WORK TO COMPLETE
A copy of the listing below is needed, exact in every line and without images.

RECORDS FOR THIS EXERCISE
# # #
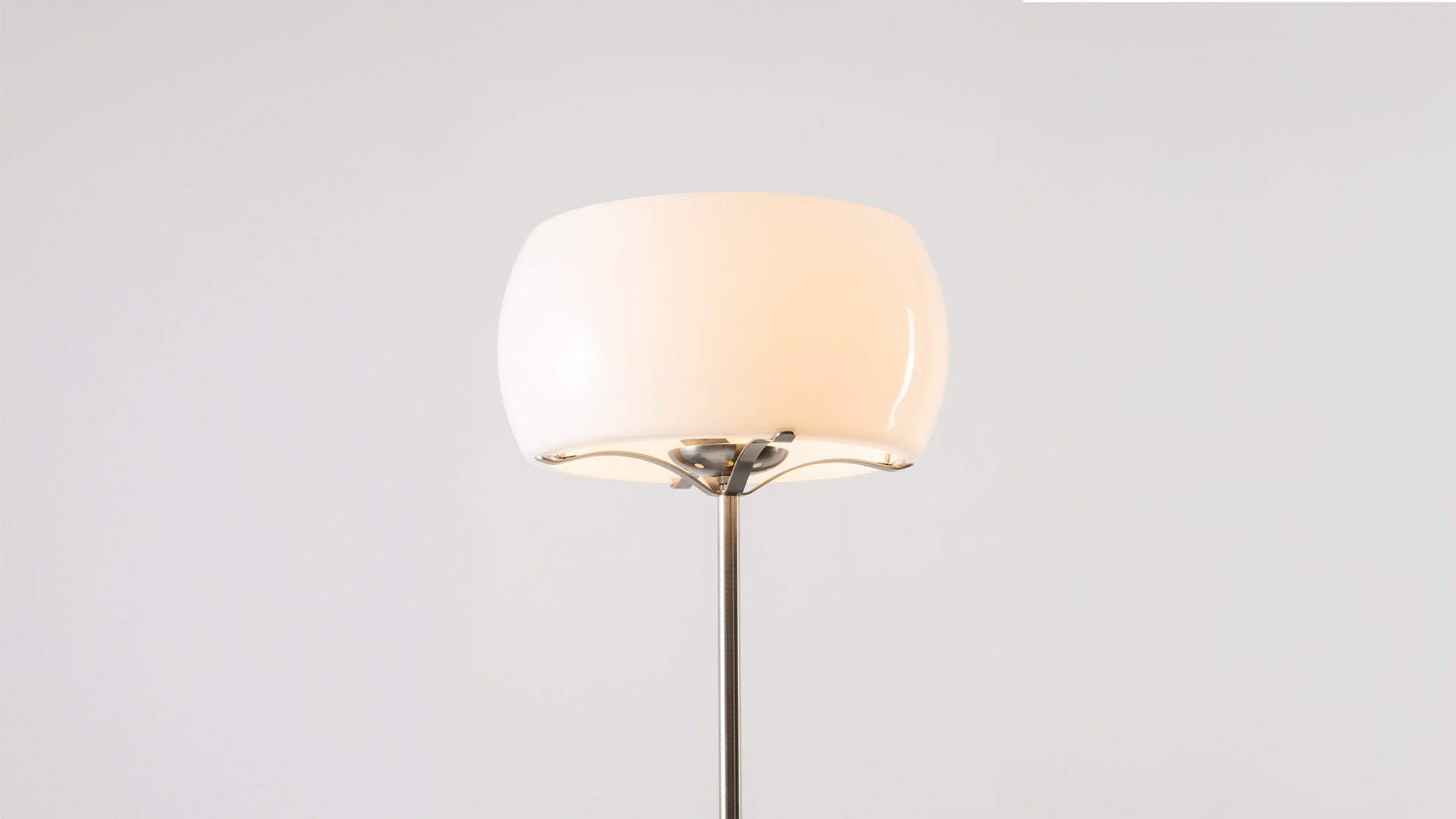 Artemide Clitunno lamps: floor lamp with chrome stem and pendant lamp, both featuring rounded white opal glass shades
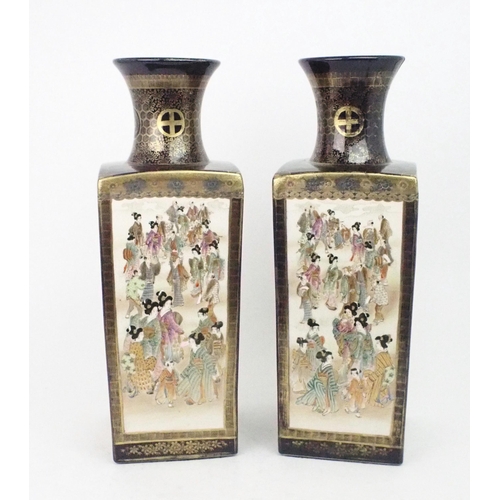 2394 - A PAIR OF SATSUMA SQUARE VASES Painted with panels of figures, landscapes and birds, divided by blue... 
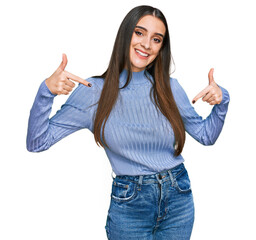 Young beautiful woman wearing casual winter sweater looking confident with smile on face, pointing...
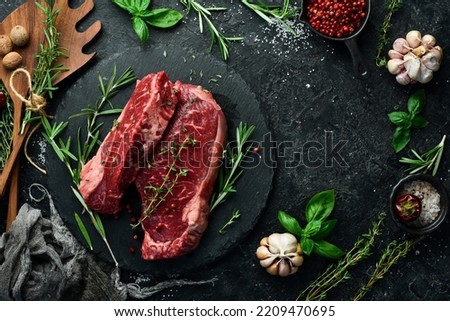 Raw juicy striploin steak. Fermented steak with rosemary and spices is ready for cooking. Meat. On a black stone background. Top view. Royalty-Free Stock Photo #2209470695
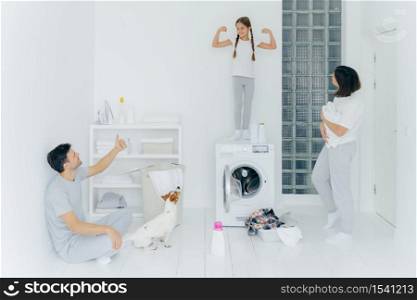Image of glad small child raises arms, shows biceps and stength, father shows like sign with thumb up, stand in washing room with pile of clothes in basin near washer, detergent. Well done work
# # #
SOLUTION TO THE PROBLEM
 Artemide Clitunno lamps: floor lamp with chrome stem and pendant lamp, both featuring rounded white opal glass shades
 2394 - A PAIR OF SATSUMA SQUARE VASES Painted with panels of figures, landscapes and birds, divided by blue... 
 Young beautiful woman wearing casual winter sweater looking confident with smile on face, pointing...
 Raw juicy striploin steak. Fermented steak with rosemary and spices is ready for cooking. Meat. On a black stone background. Top view. Royalty-Free Stock Photo #2209470695
Image of glad small child raises arms, shows biceps and stength, father shows like sign with thumb up, stand in washing room with pile of clothes in basin near washer, detergent. Well done work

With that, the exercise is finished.